Thursday, October 4, 2007

L.L.Bean and the "Desert of Maine"






One simply cannot go to Maine without visiting the merchant of Maine – Leon Leonwood Bean – who practically commands the entirety of the town of Freeport, Maine. The rest of the town clings on to Bean's coattails – there's a Lenox outlet, a Tommy Hilfiger outlet, a Brooks Brothers outlet, and on and on . . .

We ate lunch at the Azure Café' just two doors up the street (from L.L.Bean). After I took a picture of Clara in the outdoor café' setting, and she one of me, a gentleman from a nearby table came over and offered to take this one of us together, saying that he had seen what we were doing and that he and his wife had many pictures of one or the other, but few of them together . . .

Before leaving the Azure we inquired about the meaning and origin of the name "Azure," knowing already that it was a shade of blue, but curious since the subtitle was "An Italian Café'" and doubting that "Azure" had any connection to the Italian language. We were assured that it was indeed Italian, and probably Spanish as well; however, a later check with Etymology Online revealed that it was from Old French around the 1300's, as a corruption of an Arabic phrase describing "lapis lazuli," the stone with the blue color.

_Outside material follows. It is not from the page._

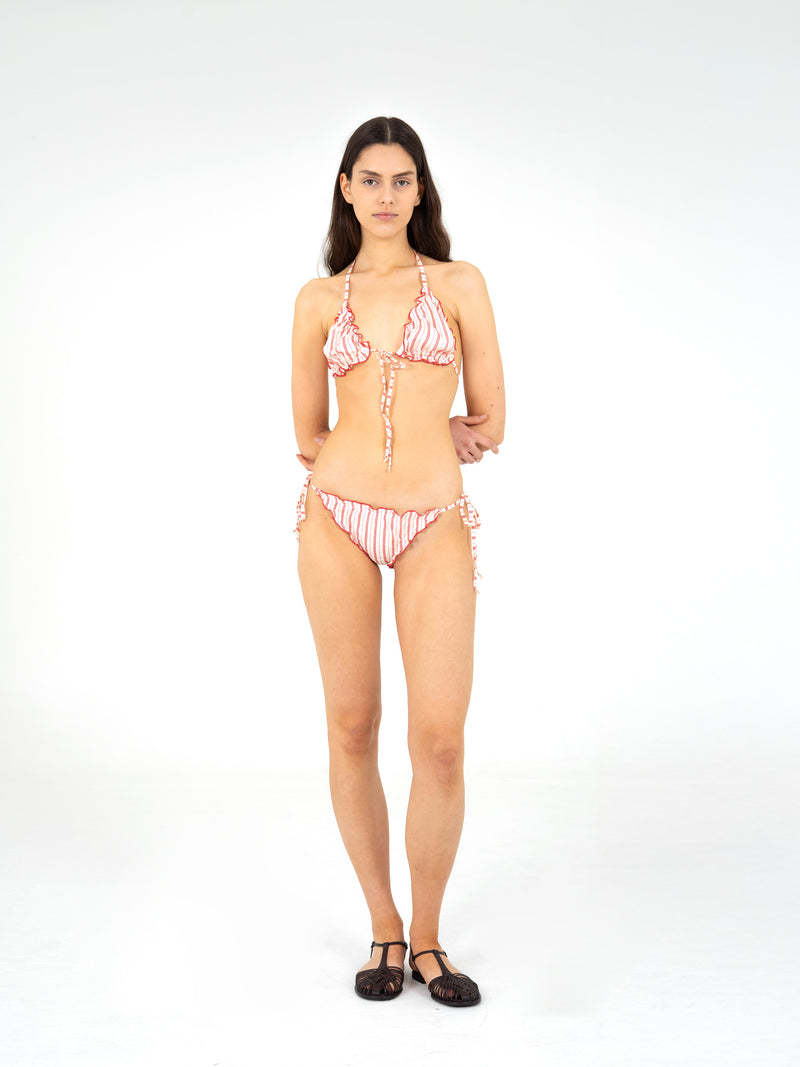 Alchemist Striped Ruched Bikini Bottom camisas y camisetas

It's getting interesting to compare our morning plans with our afternoon outcomes – so far this week they have not even come close – not even once. But fate is sometimes fortuituous – our camping spot for the evening had an unexpected surprise – a spot of honest-to-God sandy desert right in the midst of all the trees and dense vegetation of Maine. So the story goes, a glacier cut through here some 20,000 or so years ago and left behind some glacial debris in the form of about a hundred acres of pure sand dunes – ain't that sumpin'?

As a final topper to it all, we find the most colorful tree we've seen to date, right on the edge of all that sand!